愛罪
「良太さんとお母様の接触を調べる折、良太さんの関係者との接触なども伺ったのですが、やはりお母様と良太さんはもちろん、関係者の方との関わりもありませんでした。主治医と担当ナースは、過労が原因だと遺書を残していたようですが……」
後藤さんは一切噛むことなくそう言葉を並べると、重々しく語尾を濁らせて一度口を閉じた。

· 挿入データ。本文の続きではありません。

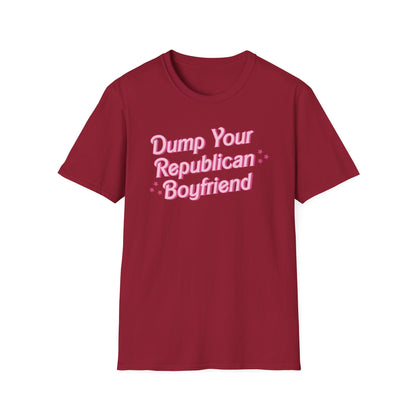 Dump Your Republican Boyfriend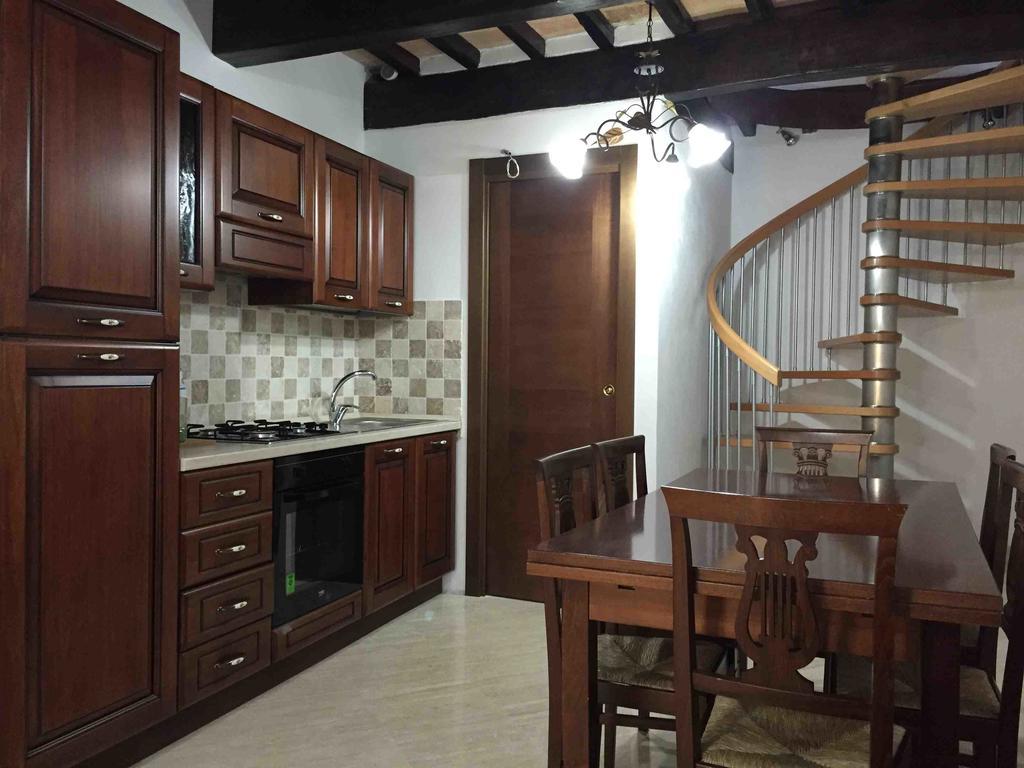 Ganga Bed & Breakfast Narni Dış mekan fotoğraf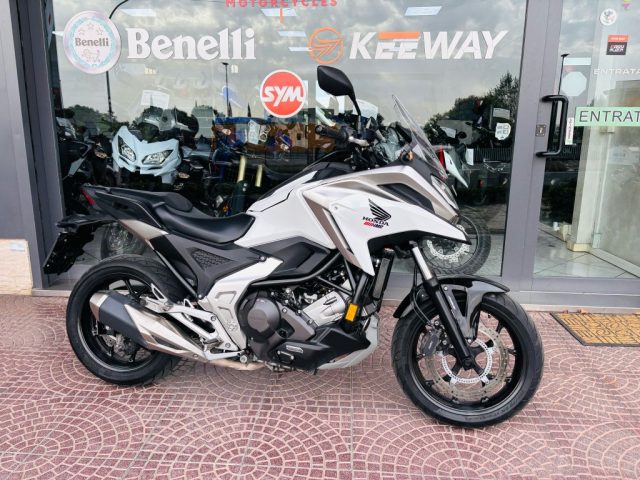 HONDA NC750 X Antracite pastello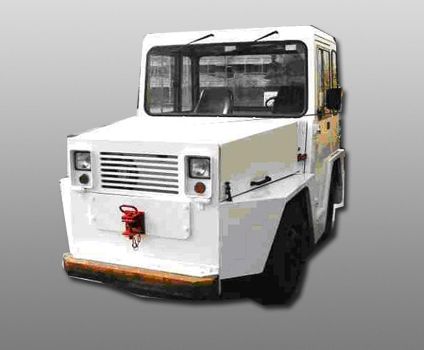 6 Mulag Baggage Tractor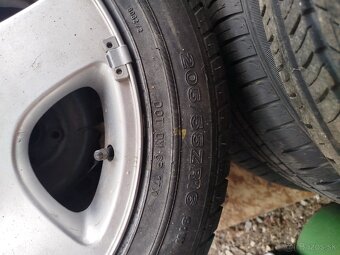 Audi rezerva 205/55 r16 - 3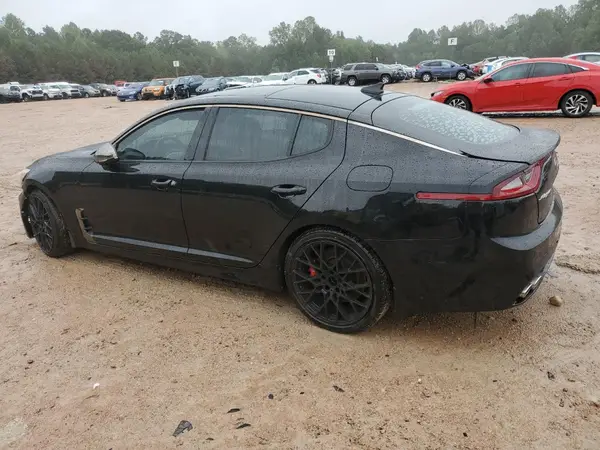 KNAE55LC6J6018931 2018 KIA STINGER - Image 2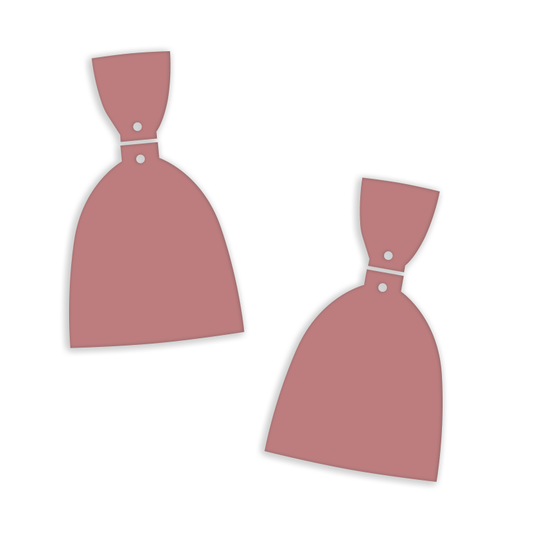 Crafty Cuts Laser Pty Ltd © Chalice Twin Set - 2 Pair
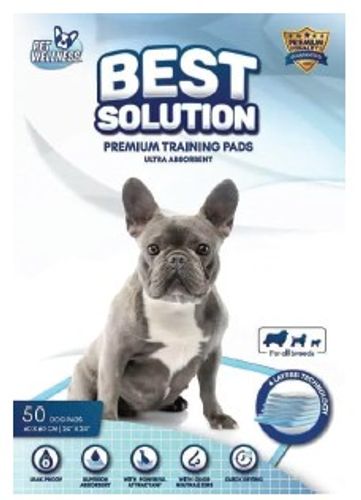 פדים לעשיית צרכים 100 יחידות - Best Solution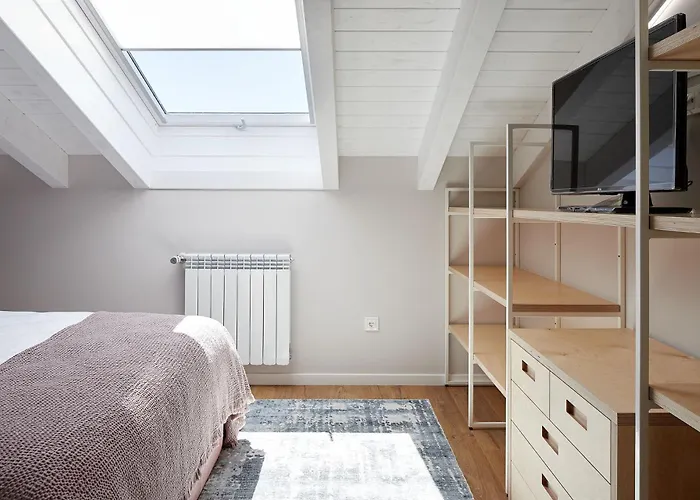 H Suite4a By Smiling Apartment Hondarribia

この分だと、彼の脳裏には彼女、真依子が浮かんでいることだろう。
僕だって、そう。
こんな偶然あってたまるか。直接関わりがなくとも間接的に関わる者が“三人”も自らを殺しているのだ。
ーー君は、何者なの?
目に浮かぶ彼女に問いかけても、返ってくるのは唇で弧を描いた美しい笑みだけ。
ねぇ。真依子は一体、何を抱えているの。
「申し訳ありません。頭を整理しておりました」
「その自殺、彼女……真依子が関わってますか」
小さく咳払いをした後藤さんの言葉を無視して、僕は淡々と核心をついた。
ぴくりと動く彼の眉頭が容易く想像出来る。
違うんだと。そうじゃないんだと。
どこかで否定して欲しい自分がいるのも隠せない事実だけれど、きっとそれは願うだけ無駄だ。
彼氏が彼女に浮気の許しを請うことと同じぐらい、叶わぬものだと思う。
何故なら、悪足掻きだからだ。
その件に真依子が関わっていないとすれば、今の僕たちにとっては最大の謎となる。